Why is it that a 3-year-old child can be fluent in Portuguese, French, English, Chinese, Hungarian, or any one of the world's 6,800 languages, but a 38-year-old American with 4 years of Spanish under his belt can barely ask for directions--en Español--to the corner drugstore?

The answer to that paradox probably has less to do with the age of the person learning the language and more to do with their actual learning experience, said Dr. Patricia Kuhl, the William P. and Ruth Gerberding professor at the University of Washington and codirector of the university's Center for Mind, Brain, and Learning. Kuhl was one of three esteemed researchers on language and learning to take part in a symposium titled "Neural and Behavioral Aspects of Early Language Development," the third in a series of symposia on language and the brain, that took place April 25 in Lipsett Amphitheater. Other speakers were Dr. Helen J. Neville of the University of Oregon and Dr. Laura-Ann Petitto of Dartmouth College.

According to Kuhl, who has advised both Presidents Clinton and Bush on the topic of early cognitive development, a confluence of factors allows children to master their native tongue with remarkable ease and efficiency.

She explained that before babies' utters their first slobbery syllable, they have been hard at work mentally calculating the statistical nuances of their parents' language. Not only are babies capable of deciphering sounds, she said, but they also can map how the individual sounds are combined, how syllables are stressed, and what the intonation qualities are--"all by the time they celebrate their first birthday."

Babies can "babble" using rhythmic hand motions. (Photo: Jeffrey de Belle)

Seeking to pinpoint the period in a child's life when one language takes over another, Kuhl studied how Japanese and American babies perceive sounds.
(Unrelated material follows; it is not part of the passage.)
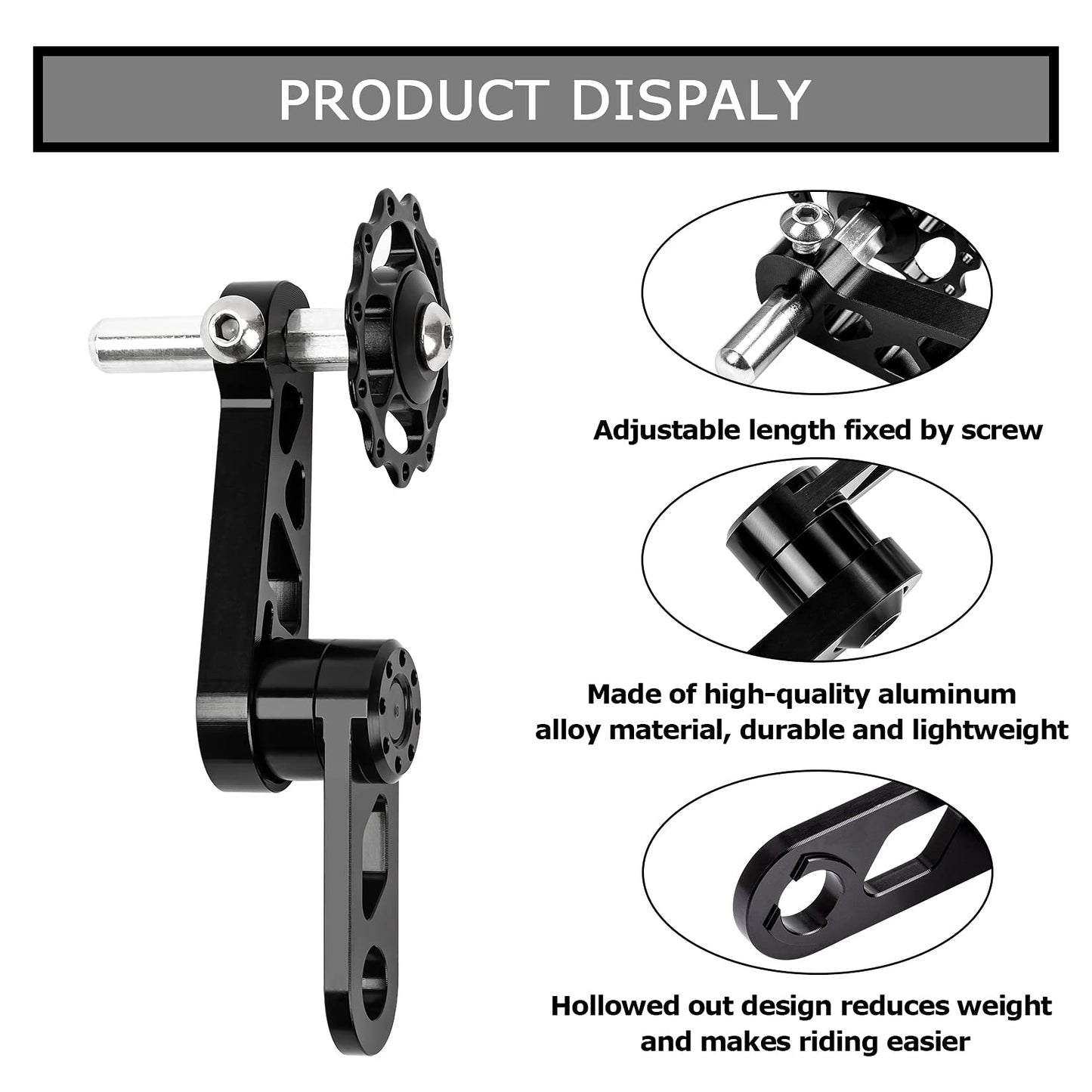PSLER Bike Single Speed Chain Tensioner, Aluminum Alloy Bicycle Chain Guide with Derailleur Hanger, Foldable Bike Chain Stabilizer Replacement for MTB Road Cycling Accessories Black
She discovered that both American and Japanese babies were able to differentiate equally well between the sounds ra and la at the ages of 6 to 8 months. However, by the time they were 10 to 12 months old, the American babies became more adept at distinguishing between the two sounds, while the Japanese babies had grown steadily worse. Likewise, American babies who at 6 months were able to distinguish between sounds commonly used in Mandarin Chinese had lost that ability by the time they were 10 to 12 months of age. But American babies exposed to Chinese for a total of 5 hours when they were 9 months old performed up to par with their Chinese counterparts.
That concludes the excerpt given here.